La racialisation de la solidarité
Au cours des dernières semaines, on a beaucoup parlé de l’accueil privilégié des réfugiés fuyant la guerre en Ukraine en comparaison aux déplacés venant de divers horizons, notamment du Moyen Orient ou d’Afrique subsaharienne. La solidarité serait racialisée tout comme le corps du réfugié, au moment même où resurgit la russophobie enfouie jusqu’alors dans la mémoire de la Guerre froide. Rien en effet dans la Convention relative au statut des réfugiés de 1951 et son Protocole de 1967, deux textes de droit international que la Suisse a ratifiés, ne justifie une telle différence de traitement entre personnes fuyant le conflit ukrainien d’un côté, et personnes fuyant les conflits qui secouent la Syrie, l’Afghanistan et plusieurs pays africains de l’autre.
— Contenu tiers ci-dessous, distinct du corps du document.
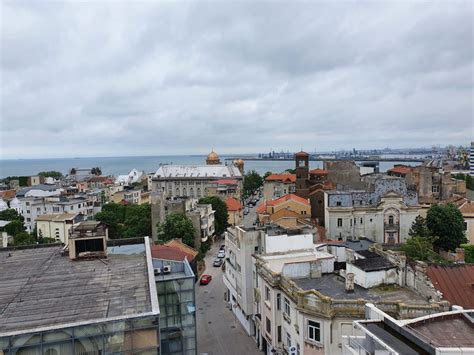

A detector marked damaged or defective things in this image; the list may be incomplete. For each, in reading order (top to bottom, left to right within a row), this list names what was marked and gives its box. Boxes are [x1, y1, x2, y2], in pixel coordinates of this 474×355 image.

rusted metal roof [426, 264, 474, 308]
Cette clé de lecture est difficilement contestable tant le contraste qui marque les discours publics comme ceux que l’on peut entendre dans les cafés est spectaculaire. Un article récent du New York Times décrivait par exemple le sort réservé en Pologne à une femme venue d’Ukraine, qui trouva immédiatement un logement, et un jeune soudanais qui au même moment se faisait passer à tabac par la police.
La racialisation des frontières n’est pas une chose nouvelle : il est évident que la douleur humaine ne provoque pas le même émoi quand c’est le corps d’un enfant qui est retrouvé inerte sur une plage de Turquie ou quand c’est celui d’un homme noir dont le bateau a fait naufrage au large de la Libye. La structure des sentiments en Europe a été façonnée de manière profonde par le colonialisme, au point de rendre invisible le corps noir en souffrance.
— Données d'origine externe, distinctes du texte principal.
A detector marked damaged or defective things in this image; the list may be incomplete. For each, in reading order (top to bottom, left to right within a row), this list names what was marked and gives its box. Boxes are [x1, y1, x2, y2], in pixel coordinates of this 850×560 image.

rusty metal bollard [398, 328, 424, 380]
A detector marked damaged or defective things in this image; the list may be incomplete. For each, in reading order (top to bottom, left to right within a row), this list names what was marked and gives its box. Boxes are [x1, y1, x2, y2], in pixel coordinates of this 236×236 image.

Malgré tout, la persistance du social
Pour autant, la solidarité dont témoignent actuellement les Européens nous montre qu’il est possible d’imaginer un autre modèle d’accueil. Voyons comment les cheminots français, à qui le gouvernement avait demandé de laisser circuler les réfugiés ukrainiens gratuitement, ont refusé de faire la distinction entre les uns et les autres. Voyons aussi comment l’aide aux Ukrainiens s’est faite de manière spontanée dans les pays voisins par le biais des réseaux sociaux, bien avant que les organisations humanitaires se mettent en branle. Quant à la Suisse, les autorités ont activé le statut S pour les Ukrainiens. Ces derniers peuvent dès lors emprunter les transports publics sans titre de voyage valable.
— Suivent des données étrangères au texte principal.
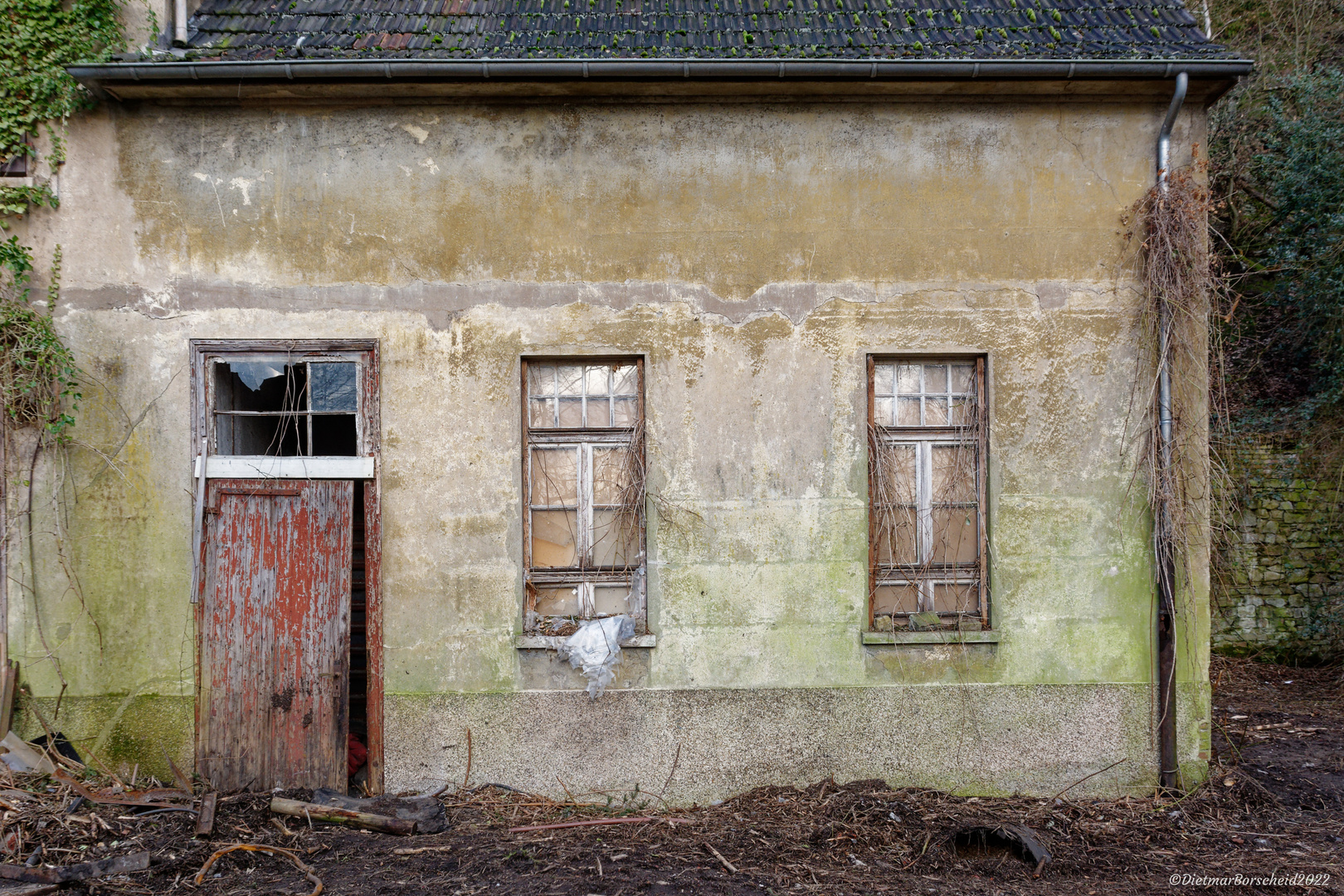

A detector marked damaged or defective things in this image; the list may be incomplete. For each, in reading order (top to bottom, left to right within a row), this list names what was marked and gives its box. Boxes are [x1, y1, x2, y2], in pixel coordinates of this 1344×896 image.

broken window pane [528, 445, 577, 504]
broken window pane [528, 511, 577, 567]
broken window pane [531, 587, 577, 617]
broken window pane [869, 581, 923, 617]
Entre les cuisines improvisées à la sortie des gares, les distributions de vêtements, l’ouverture des maisons à ceux qui cherchent un toit avant de reprendre la route : tout laisse à penser que l’individualisme alimenté par le modèle économique néolibéral de ces quarante dernières années n’a pas entièrement détruit le sens social et donc notre capacité d’entraide.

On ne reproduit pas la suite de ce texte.